THE DATA —
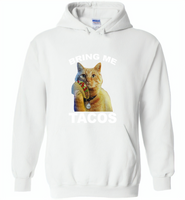 The cat bring me tacos goose - Gildan Heavy Blend Hoodie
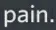 pain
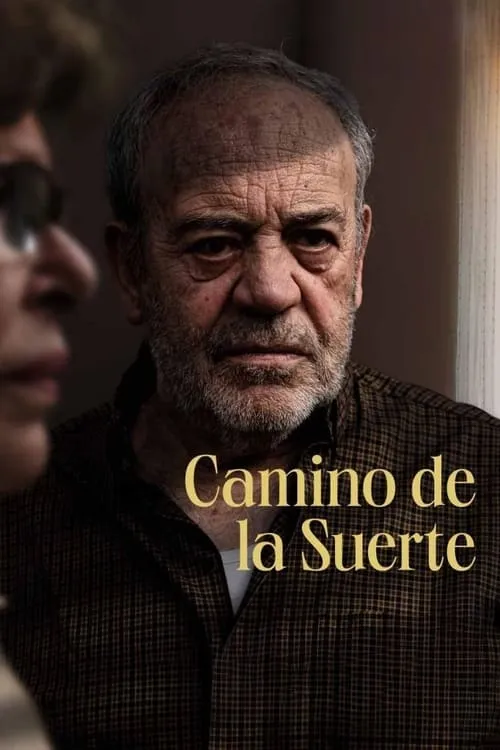 Camino de la suerte (movie)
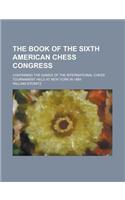 The Book of the Sixth American Chess Congress; Containing the Games of the International Chess Tournament Held at New York in 1889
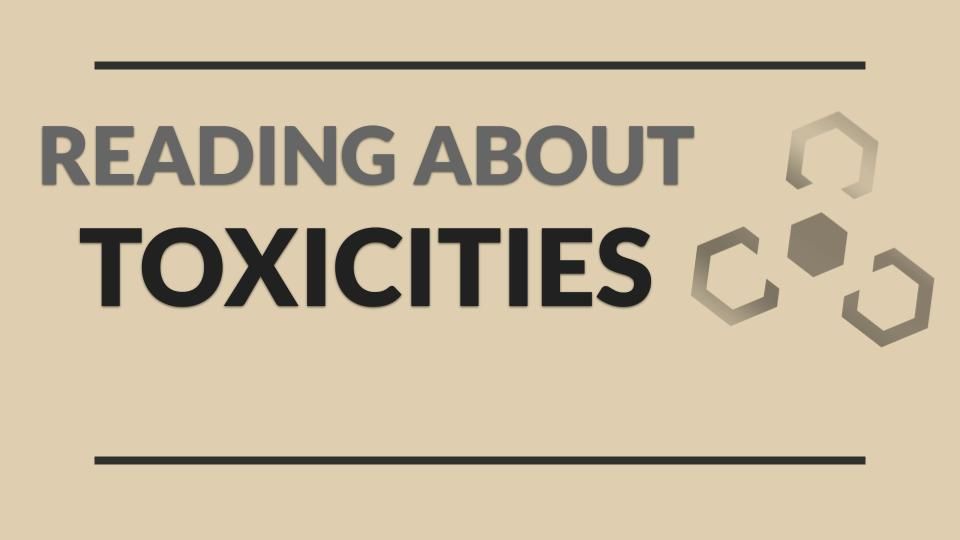 READING ABOUT TOXICITIES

EXERCISE REQUIREMENTS — Only lines from the one holding "The Book of" through the last line of the entries above are wanted, both ends included, each retyped exactly; no pictures.

YOUR RESPONSE —
 The Book of the Sixth American Chess Congress; Containing the Games of the International Chess Tournament Held at New York in 1889
 READING ABOUT TOXICITIES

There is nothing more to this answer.